More emotionally attractive olfactory marketing

Of all human senses, the sense of smell is the most sensitive and most closely related to memory and emotion. Olfaction is an intuitive sensation, unlike vision and hearing, which requires the understanding and analysis of the brain. Scientists have shown that the nose can remember up to 10,000 odors, and that olfactory memory is twice as accurate as visual memory; people recall odors a year ago with 65 percent accuracy, while recalling pictures seen three months ago with only 50 percent accuracy.

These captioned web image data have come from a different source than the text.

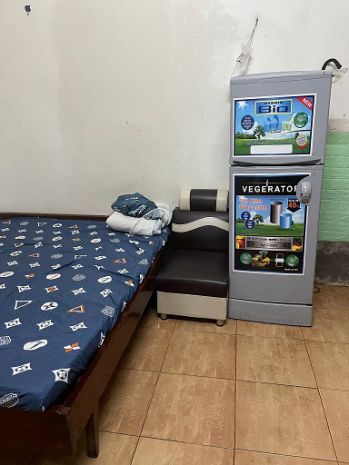 Cho thuê phòng tầng 1  nhà mặt ngõ lớn  lương khánh thiện 6614579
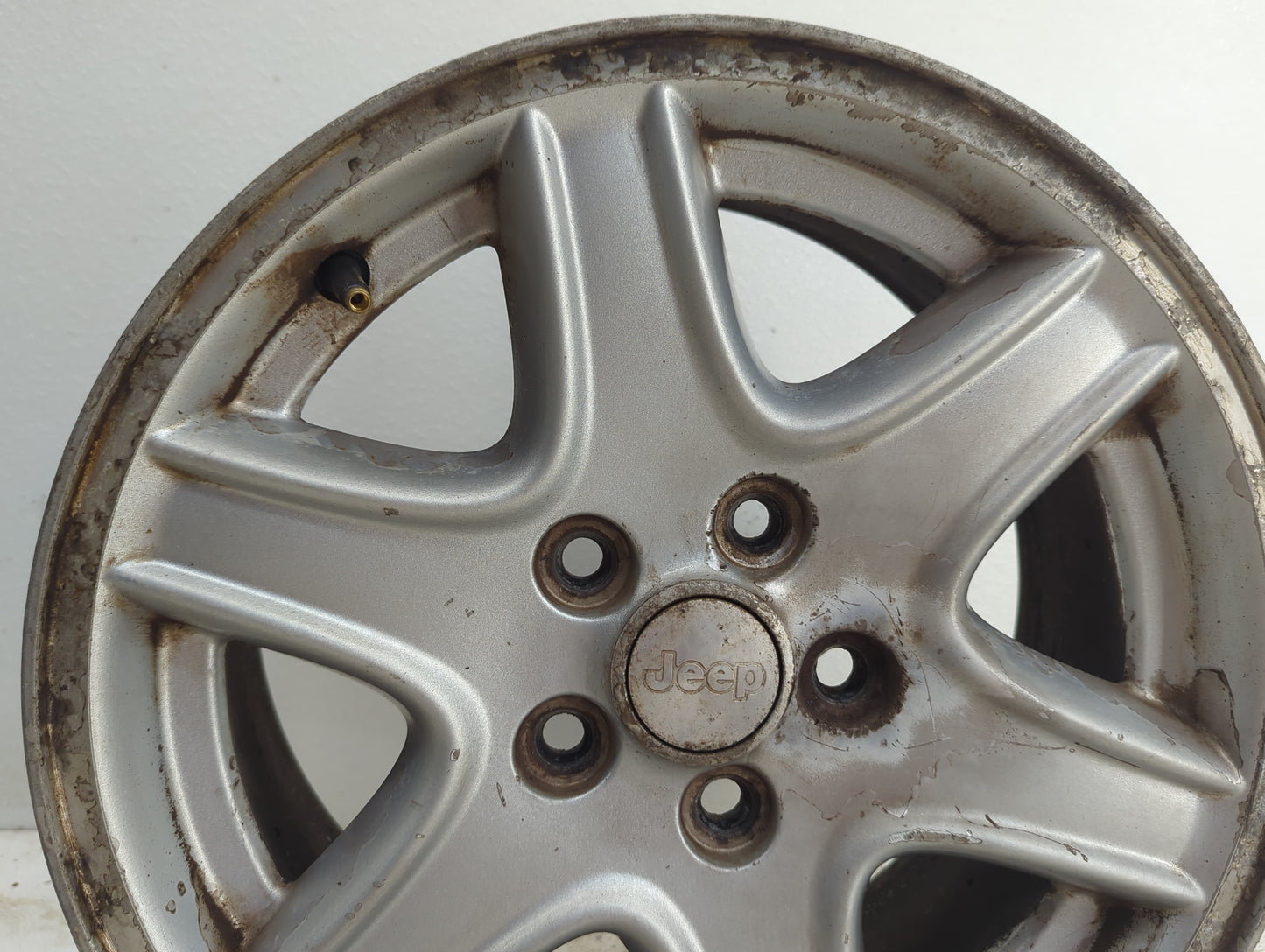 2002-2004 Jeep Liberty Oem Wheel Rim 1104927 - Oemusedautoparts1.com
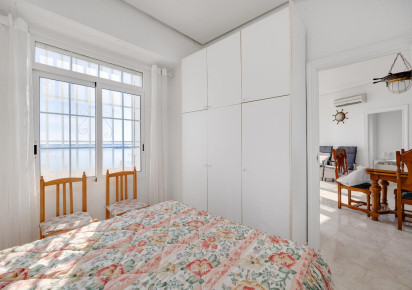 Rynek wtórny · APARTAMENTO · Torrevieja · Playa del Acequión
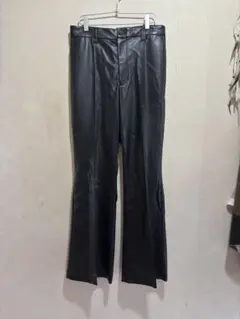 MAISON SPECIALフェイクレザーフレアパンツのサムネイル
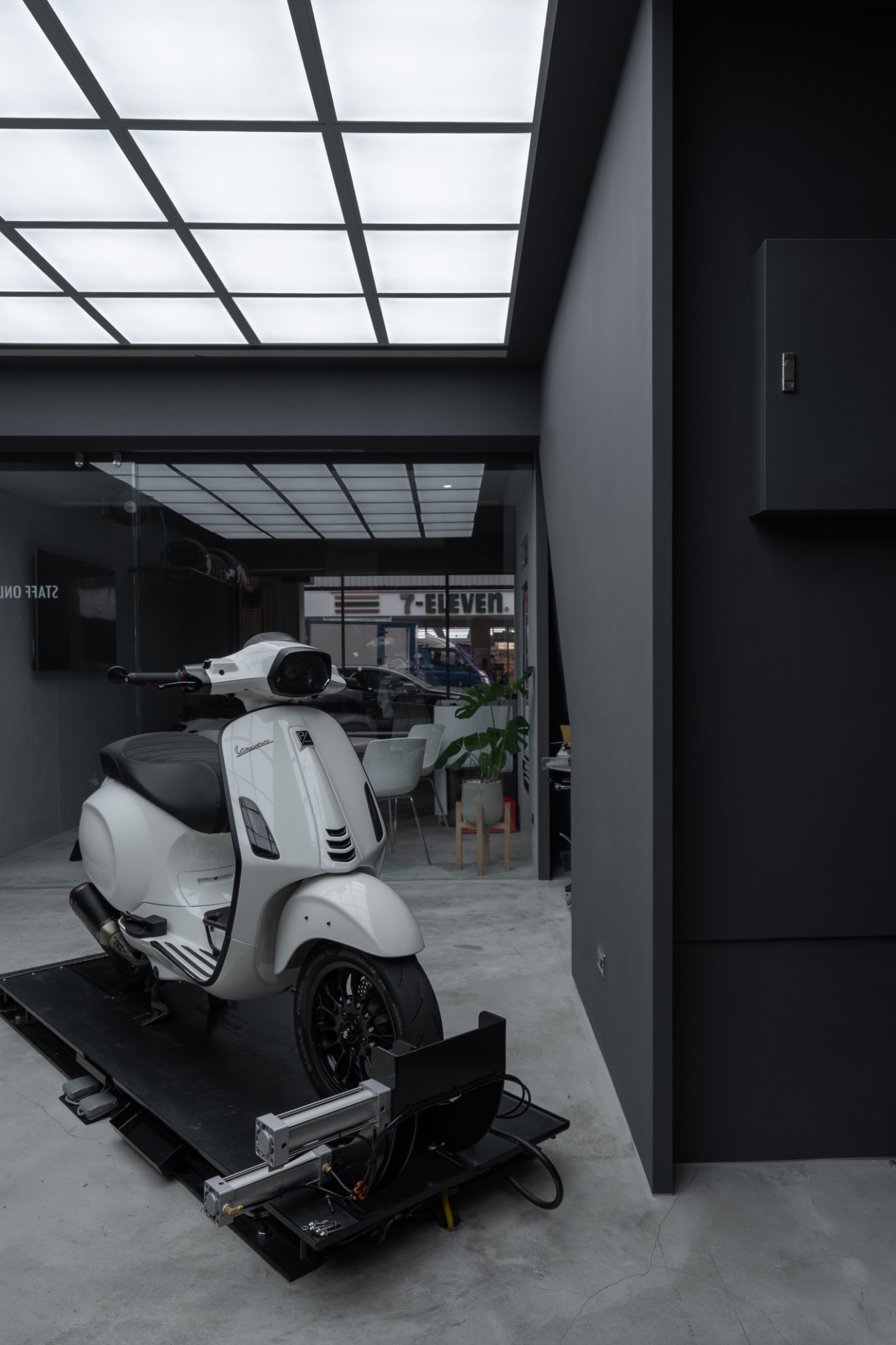 017 AND Vespa / Tainan — 2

One such example is the experiment conducted by Professor Alejana Coresner of the University of Michigan's Sensory Laboratory with Mae Lun of Nanyang Polytechnic University in Singapore and Maureen Murray of Rutgers University. The three of them found that soaking pencils with the scent of tea tree oil dramatically improved their memory of the brand and other details of the pencil and lasted longer: two weeks later, those with odorless pencils had 73 percent less information to recall, while those with tea tree oil-scented pencils had 73 percent less information to recall. Only 8% of them are forgotten.

Smell marketing has three advantages, including a permanent open sense of smell, unique, and more emotional appeal. We're exposed to a lot of confusing visual and auditory marketing information every day, while we're less vigilant about scent marketing and don't usually feel bombarded by smell. Olfaction is also more emotionally appealing because it connects directly to the right limbic system, the source of emotion and emotion in the human brain.

Starbucks, Disney Park and other companies are well-known masters of the use of smell marketing. A few years ago, Dunkin'Donuts, famous for its doughnuts in China, Japan and South Korea, conducted an experiment in South Korea to promote coffee, another of its main products: when downtown advertising songs were played on buses on certain routes, the preset atomizer on the bus was sound-aware. Don't technology, and release the aroma of coffee, so that passengers can take the lead. The campaign led to a 16% increase in customers and a 29% increase in sales at the store near the bus stop. Smell is also one of the best ways to reinforce positive emotions, such as when a European home improvement store found that the use of a special fragrance emitted the smell of new lawn mowing, customers greatly improved the evaluation of employees in the store.

Many star-rated hotels are also good at using smell marketing, they emit different odors in the lobby, enhance the experience of the guests, and produce smell recognition, in order to subtly create a memory, but anyone who smells this smell, will recall the pleasant experience of staying in the hotel. The famous example is the Vanden Hyatt Hotel in France. In 2002, when the hotel planned its logo odor, the perfumers decided to use the patchouli scent because it was so low that it was thought to match the reddish-brown hue and luxurious details of the hotel. In addition, the perfumers added citrus and natural cool wood. Extracts and other odors. Eventually, the smell was described as "fresh cement poured on raw oak, with a little fresh cinnamon cake, rich thick yellow-brown silk texture smell".

Sensory perception has a profound impact on people's attitudes, moods, memories, and so on. Although sensory marketing has existed for many years, many companies have realized that sensory perception can deeply affect the deep part of our brain. There is a huge potential to be tapped. With the rapid development of technology, communication between companies and consumers is developing into a multi-faceted dialogue. Marketers need to find opportunities to connect with people's senses in different consumption scenarios, so that products can make their own voices through multiple channels, and use the senses to create and enhance product characteristics, so that people can remember.

Wang Xiaohong's Compiling

Wang Xiaohong is the senior editor of Harvard Business Review Chinese version in Shanghai.